The entire Ottawa area has been hit hard by this week's intense levels of rainfall, but nowhere has felt the brunt of it harder than North Gower, a small township located southwest of the nation's capital whose population hovers near 2,200 and has never before experienced this kind of a downpour.
"I'd never seen anything like this since I've lived here," said North Gower resident Ron Doyle, to CBC. "I hope the water hasn't done too much damage in my basement. But I'm pumping it out right now as fast as I can. I hope my insurance covers it, I guess."
The severity of this individual flood is compounded by what has already been an unusually rough warm season for the township.

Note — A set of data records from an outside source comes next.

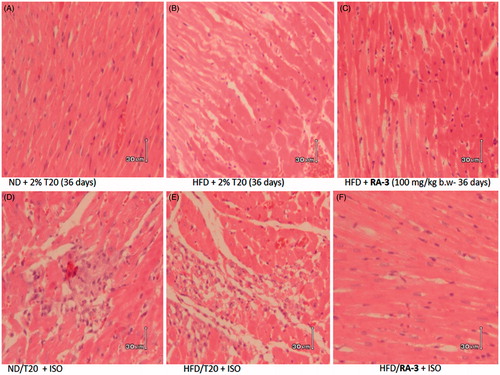Figure 2. Histological changes (200× magnification) of the heart tissues from rats following ISO-induced myocardial injury. The rats were fed on (A) ND and (B,C) HFD for 36 days, with the (C) experimental group being pretreated with RA-3 for 15 days, (D–F) before they received a subcutaneous injection of ISO (85 mg/kg) to induce myocardial injury.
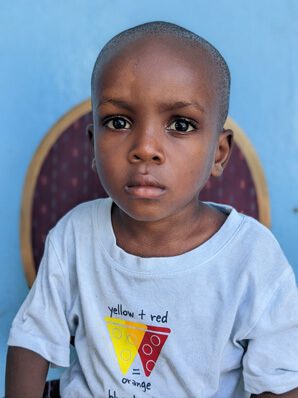 A young boy without hair looking at camera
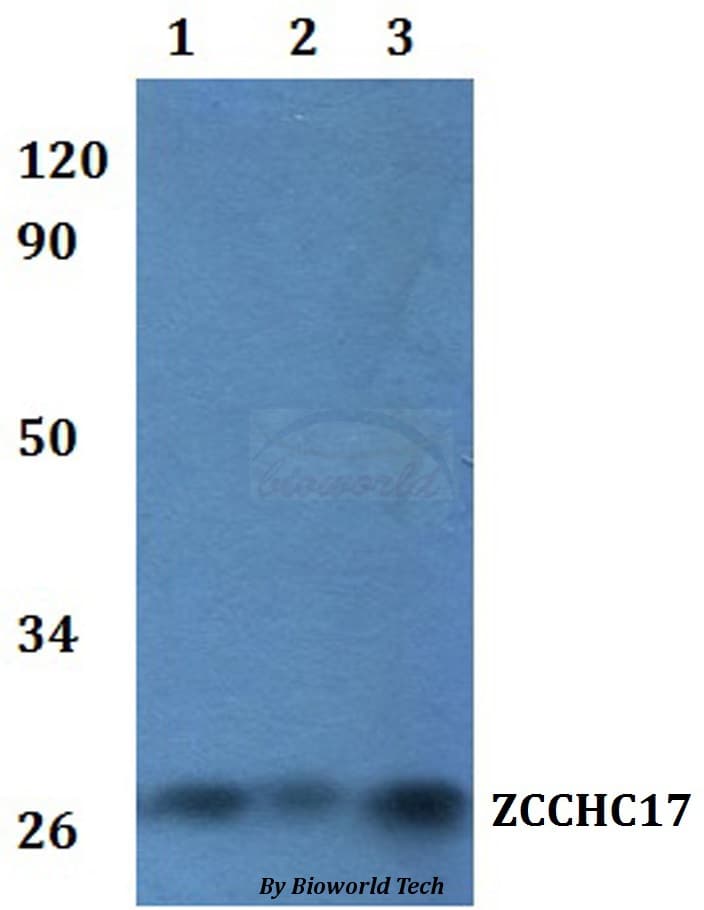 ZCCHC17 / PNO40 / PS1D Antibody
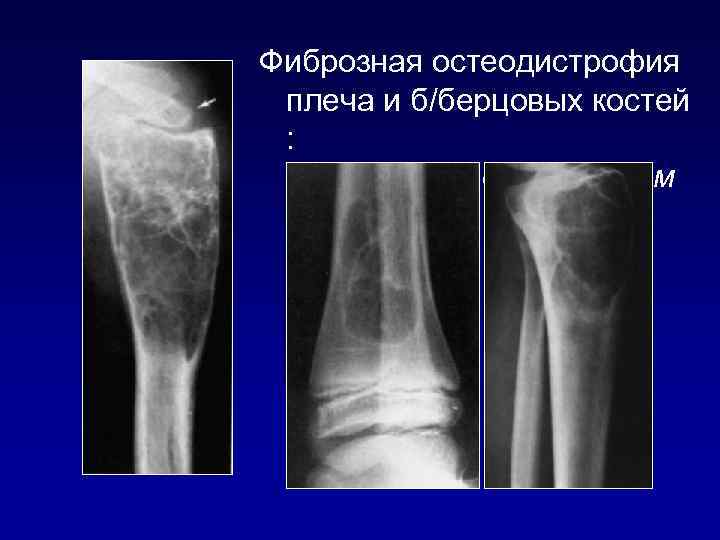 Фиброзная остеодистрофия плеча и б/берцовых костей : остеобластокластом ы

"[The rain] has really just added to a bad situation to begin with" said regional councillor Scott Moffatt. "This is about the third or fourth flood event that we've seen in the North Gower area this spring and summer. It's been a very difficult summer for at least the farmers around here, but now all of a sudden what we're seeing here is impact on homes, impact on local businesses, because the level of the water is just so high."
It has unfortunately also led to issues with natural gas, hydro, drinking water, and rotting lumber, the latter of which has been harmed by the need to lock several of the Rideau Canal lock stations.
Some of those, however, have now reopened. Those are the Brass Point Swing Bridge, Poonamalie, and Beveridges lock stations. Parks Canada has been working diligently to have Canal activity return to normal and will be providing regular updates on the status of operations.